And November brings Thanksgiving, which is a wonderful holiday, and also the day that each year I pled with heaven to spare you for just one more Christmas. Every year that is, except last year. Last year you were freshly home from your longest hospital stay and we thought we had a good plan. Last year I didn't take a picture of you in front the Christmas tree because things were just so busy and the week after Christmas would be so much more relaxed. Last year I didn't even consider that things would change. 

 Last year they did.   

December 23, 2023. I decided it was time
to stop putting off pictures.

And now we have this year. Or I have this year. You're not here. We're coming to the end of a year that never knew you, and I don't know how to "do" this year. 

I mean, I guess I'll figure it out. It's not like it's going to stop or go away. 

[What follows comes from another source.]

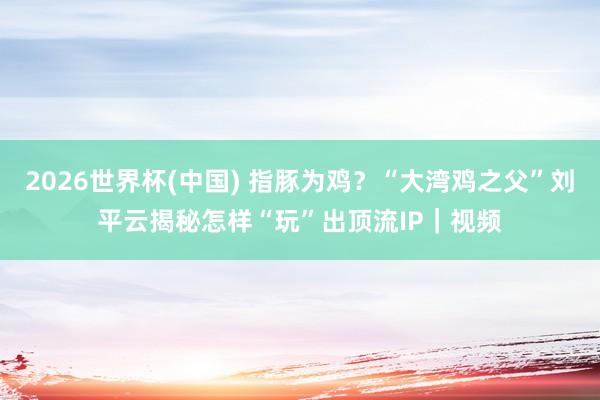 2026世界杯(中国) 指豚为鸡?“大湾鸡之父”刘平云揭秘怎样“玩”出顶流IP|视频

But sometimes, sometimes I wish time would stop. Sunday afternoon, I laid down on the daybed in my office, and when I woke, for a brief second, I saw your room the way it was a year ago, with you there, and was surprised all over again to blink and watch it change. The piano instead of your bed, the couch instead of your armoire, silence instead of your machines. 

I'm so thankful for you, really, honestly and truly. And again, given the choice of having to learn to live without you or having never known you, I would choose this pain every single time.

But still, it hurts...

Miss you so much. 

Love you even more.

Love,
Mama





Time is the only thief we can't get justice against.
~Terri Guillemets 

Thursday, October 31, 2024

15 Halloweens

Aaron-delorian, showing us The Way
Dear Aaron,

It's Halloween. 

In past years, it was my deadline for people to have their flu shots. Honestly, this year I don't know who has and who hasn't. I know I've had mine, and Michael got his before ging to Arkansas. I just don't know about anyone else.

I look back through the years. Three times you were in the hospital, and a couple more you were kinda sick here at home. Frankly, out of all the holidays, Halloween takes the cake (or candy?) if you have to be inpatient. 

I think you only got to go out trick or treating once, in 2012. You wore the clown costume that each of the older kids wore. I hadn't allowed myself to even consider that you might be able to, but you did. 

And last year, you were a Mandalorian, or as Dad calls you, the Aaron-dalorian. You showed us The Way. Frankly, you were so, so sick that we didn't actually even put it on you, just draped it over you. 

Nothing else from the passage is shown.